The Sound A 5.1 soundtrack is provided here, and, given the largely dialogue-based nature of the film, is not required to do than provide very occasional use of the surrounds, and then for cosmetic purposes rather than anything else. However, what really counts in a film like this is for the music and dialogue to be presented with as much clarity as possible, and both are showcased extremely well at all times, making this a fine soundtrack to the film.
Given that the Coens’ attitude towards DVD extras has either been to ignore them altogether or, in the case of Blood Simple, to provide the first spoof audio commentary, it comes as something of a surprise to see that, on paper, this represents the film’s first bona fide (sic) special edition. However, as so often, what looks good on the back of the box does not necessarily translate into interesting, or, indeed, well-produced special features. The one unqualified success is the commentary, which features the brothers Coen- for the first time- and Billy Bob Thornton. It’s a far more conventional track than you might expect, at times verging close to Kevin Smith territory as they gleefully ridicule Ed Crane, but still very entertaining stuff, and let’s hope that their other films get similar treatment.
Unfortunately, everything else on the DVD is disappointing in some way. The making-of featurette is about ten minutes of EPK interviews, which are only very slightly superior to the usual ‘I play’ nonsense, followed by a few minutes of unexplained behind-the-scenes footage, and nothing else. The interview with Roger Deakins sounds very promising on paper, but is spoilt by being appallingly edited and photographed, with a very irritating interviewer asking badly recorded questions, as well as being rather overstretched at 45 minutes; perhaps the information would have been better conveyed over the course of a commentary track, which, although obviously longer, would at least have been scene-specific. The other extras are an unremarkable stills gallery, the unexciting theatrical trailer, a couple of bizarre TV spots which obviously show that the publicists didn’t have a clue who to market the film to, and some frankly pointless ‘deleted scenes’, which consist of Tony Shalhoub’s speech to the jury without voiceover, three ‘deleted hairstyles’, and a final clip entitled ‘Doris’ salad’, which is fairly self-explanatory, without being at all interesting. Overall, then, rather a disappointing set of extras, which leave several potentially fascinating topics unexplored.

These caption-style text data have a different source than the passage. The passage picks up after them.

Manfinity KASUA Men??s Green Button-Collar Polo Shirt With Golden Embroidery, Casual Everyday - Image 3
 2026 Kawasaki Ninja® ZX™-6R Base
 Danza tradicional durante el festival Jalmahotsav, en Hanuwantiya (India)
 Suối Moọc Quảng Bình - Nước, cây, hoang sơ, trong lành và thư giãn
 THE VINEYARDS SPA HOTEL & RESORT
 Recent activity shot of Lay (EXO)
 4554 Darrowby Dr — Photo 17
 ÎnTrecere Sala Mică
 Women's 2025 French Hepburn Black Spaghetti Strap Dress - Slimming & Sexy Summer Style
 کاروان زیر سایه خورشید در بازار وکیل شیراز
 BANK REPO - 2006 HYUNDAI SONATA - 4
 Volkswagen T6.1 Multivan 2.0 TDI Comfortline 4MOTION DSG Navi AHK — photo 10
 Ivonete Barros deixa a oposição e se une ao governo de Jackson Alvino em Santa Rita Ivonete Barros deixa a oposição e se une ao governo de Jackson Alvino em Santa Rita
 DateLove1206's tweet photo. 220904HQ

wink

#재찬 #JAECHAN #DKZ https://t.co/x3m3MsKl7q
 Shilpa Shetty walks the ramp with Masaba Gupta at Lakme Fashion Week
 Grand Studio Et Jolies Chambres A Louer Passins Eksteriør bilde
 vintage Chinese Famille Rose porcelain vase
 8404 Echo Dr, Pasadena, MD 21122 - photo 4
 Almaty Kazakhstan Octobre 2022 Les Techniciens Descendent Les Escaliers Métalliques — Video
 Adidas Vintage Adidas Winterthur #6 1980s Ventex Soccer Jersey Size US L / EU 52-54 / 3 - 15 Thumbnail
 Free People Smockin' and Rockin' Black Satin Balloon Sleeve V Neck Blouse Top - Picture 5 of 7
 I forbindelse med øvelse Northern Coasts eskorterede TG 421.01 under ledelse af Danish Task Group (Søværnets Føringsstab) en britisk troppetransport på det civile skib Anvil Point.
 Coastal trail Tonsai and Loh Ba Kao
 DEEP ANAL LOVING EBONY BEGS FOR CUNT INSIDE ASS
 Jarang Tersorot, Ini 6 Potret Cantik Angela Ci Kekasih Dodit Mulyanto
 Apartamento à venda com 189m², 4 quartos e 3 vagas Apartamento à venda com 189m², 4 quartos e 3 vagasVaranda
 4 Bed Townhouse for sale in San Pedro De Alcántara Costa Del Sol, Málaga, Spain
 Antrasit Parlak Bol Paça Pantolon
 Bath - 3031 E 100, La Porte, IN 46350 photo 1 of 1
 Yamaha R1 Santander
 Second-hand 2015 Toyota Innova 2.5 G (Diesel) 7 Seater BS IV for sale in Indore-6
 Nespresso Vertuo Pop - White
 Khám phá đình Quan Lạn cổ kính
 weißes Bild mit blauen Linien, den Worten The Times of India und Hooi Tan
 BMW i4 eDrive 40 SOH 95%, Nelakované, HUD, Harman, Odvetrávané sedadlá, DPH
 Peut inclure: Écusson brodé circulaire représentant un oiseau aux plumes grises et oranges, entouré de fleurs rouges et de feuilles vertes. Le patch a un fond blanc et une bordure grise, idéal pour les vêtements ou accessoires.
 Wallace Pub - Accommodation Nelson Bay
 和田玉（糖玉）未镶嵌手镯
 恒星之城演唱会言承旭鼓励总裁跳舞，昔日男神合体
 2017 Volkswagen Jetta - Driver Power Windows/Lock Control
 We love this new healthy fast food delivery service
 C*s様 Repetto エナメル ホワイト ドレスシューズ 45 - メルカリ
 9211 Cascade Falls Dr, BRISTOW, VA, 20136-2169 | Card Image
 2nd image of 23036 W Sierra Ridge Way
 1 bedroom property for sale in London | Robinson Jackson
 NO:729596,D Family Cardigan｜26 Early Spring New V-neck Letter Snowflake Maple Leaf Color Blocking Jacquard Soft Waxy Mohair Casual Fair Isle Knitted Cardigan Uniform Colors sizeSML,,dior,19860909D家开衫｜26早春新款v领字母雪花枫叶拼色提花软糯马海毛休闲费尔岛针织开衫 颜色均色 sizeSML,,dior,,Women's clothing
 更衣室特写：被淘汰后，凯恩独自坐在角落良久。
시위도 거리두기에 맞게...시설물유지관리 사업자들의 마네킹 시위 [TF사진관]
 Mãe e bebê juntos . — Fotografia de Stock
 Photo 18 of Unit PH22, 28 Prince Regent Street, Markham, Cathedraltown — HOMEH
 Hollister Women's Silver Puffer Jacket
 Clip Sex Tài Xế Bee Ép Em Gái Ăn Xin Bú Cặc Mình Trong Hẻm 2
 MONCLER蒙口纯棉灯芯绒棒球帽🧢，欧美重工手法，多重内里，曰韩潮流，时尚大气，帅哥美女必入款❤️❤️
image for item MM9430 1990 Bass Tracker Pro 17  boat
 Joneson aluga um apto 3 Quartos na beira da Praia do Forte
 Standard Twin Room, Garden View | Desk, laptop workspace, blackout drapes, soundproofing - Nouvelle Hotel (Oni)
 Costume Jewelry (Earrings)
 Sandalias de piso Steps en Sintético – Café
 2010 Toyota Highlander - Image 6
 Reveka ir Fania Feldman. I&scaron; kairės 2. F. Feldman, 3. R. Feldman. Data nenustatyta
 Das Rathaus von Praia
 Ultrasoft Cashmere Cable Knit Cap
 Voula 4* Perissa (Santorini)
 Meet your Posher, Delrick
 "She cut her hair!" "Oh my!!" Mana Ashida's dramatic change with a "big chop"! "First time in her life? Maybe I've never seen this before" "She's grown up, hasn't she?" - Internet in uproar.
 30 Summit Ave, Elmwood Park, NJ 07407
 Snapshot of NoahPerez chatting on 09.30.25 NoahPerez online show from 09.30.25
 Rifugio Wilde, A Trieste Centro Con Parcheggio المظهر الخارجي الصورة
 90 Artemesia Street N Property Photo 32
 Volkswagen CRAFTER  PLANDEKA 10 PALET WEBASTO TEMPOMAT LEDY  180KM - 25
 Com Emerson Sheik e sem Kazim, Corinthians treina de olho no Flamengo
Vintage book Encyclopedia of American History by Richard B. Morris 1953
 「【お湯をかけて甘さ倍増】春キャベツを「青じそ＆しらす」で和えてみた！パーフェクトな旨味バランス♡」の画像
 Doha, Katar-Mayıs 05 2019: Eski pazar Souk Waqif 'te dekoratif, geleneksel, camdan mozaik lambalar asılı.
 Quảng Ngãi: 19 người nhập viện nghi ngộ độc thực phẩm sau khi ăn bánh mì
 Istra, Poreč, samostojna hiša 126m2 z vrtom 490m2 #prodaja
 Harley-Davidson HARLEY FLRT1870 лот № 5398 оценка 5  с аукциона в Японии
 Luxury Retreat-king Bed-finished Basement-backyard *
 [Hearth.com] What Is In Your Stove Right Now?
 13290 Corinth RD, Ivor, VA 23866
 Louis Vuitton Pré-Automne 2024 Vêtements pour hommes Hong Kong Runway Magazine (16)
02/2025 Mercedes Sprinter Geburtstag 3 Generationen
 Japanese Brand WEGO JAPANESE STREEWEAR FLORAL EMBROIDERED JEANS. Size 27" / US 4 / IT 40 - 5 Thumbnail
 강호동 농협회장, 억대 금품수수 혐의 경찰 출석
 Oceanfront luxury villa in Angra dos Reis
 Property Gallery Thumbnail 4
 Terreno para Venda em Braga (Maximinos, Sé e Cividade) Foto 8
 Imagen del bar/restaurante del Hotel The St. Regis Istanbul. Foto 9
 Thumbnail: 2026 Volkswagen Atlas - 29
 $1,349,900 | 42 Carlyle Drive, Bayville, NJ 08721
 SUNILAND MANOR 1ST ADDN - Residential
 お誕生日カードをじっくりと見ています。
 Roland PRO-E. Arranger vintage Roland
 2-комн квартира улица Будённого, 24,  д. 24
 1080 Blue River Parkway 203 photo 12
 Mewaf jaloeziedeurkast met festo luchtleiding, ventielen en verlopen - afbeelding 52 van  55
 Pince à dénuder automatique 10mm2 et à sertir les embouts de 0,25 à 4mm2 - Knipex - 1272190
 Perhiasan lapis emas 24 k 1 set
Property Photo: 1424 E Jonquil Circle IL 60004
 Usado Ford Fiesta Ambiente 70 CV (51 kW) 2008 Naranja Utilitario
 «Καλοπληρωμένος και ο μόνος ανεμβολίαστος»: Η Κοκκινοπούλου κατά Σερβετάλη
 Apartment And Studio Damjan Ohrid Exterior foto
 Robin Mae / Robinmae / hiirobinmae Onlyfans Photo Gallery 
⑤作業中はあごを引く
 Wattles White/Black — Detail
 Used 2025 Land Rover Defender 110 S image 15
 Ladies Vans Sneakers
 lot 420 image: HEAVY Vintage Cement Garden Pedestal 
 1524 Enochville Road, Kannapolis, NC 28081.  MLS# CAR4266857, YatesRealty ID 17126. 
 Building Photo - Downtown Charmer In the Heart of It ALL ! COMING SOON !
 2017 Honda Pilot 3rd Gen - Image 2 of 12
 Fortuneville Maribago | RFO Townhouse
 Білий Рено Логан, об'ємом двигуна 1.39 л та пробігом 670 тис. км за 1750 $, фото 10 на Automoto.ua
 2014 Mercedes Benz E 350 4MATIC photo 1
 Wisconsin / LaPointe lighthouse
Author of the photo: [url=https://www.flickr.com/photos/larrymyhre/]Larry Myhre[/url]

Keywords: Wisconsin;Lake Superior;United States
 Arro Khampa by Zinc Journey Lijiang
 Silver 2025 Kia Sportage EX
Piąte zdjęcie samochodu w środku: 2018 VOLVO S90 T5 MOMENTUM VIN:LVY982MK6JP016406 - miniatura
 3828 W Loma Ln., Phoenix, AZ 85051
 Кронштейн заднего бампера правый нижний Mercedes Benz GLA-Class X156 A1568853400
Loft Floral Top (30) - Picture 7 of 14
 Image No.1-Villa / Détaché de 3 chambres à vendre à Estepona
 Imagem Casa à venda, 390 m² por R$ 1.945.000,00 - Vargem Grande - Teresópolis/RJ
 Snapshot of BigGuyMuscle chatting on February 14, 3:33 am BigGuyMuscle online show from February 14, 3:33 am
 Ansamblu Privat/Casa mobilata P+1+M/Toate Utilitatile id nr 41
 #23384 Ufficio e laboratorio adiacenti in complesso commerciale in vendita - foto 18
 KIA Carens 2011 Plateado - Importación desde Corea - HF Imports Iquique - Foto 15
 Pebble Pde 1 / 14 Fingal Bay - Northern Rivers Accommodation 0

The brothers Coen have made yet another intelligent, witty and consistently interesting exercise in stretching genres that is all but guaranteed to split audiences; however, those who long for something rather more rewarding than the usual Hollywood pap will not be disappointed. USA present the film on a technically strong disc (almost identical to the Region 2 version), with decidedly mixed extras; the chances of the film being revisited in the future look slim, unfortunately, so this looks like the best available at the moment, and is recommended on that basis alone.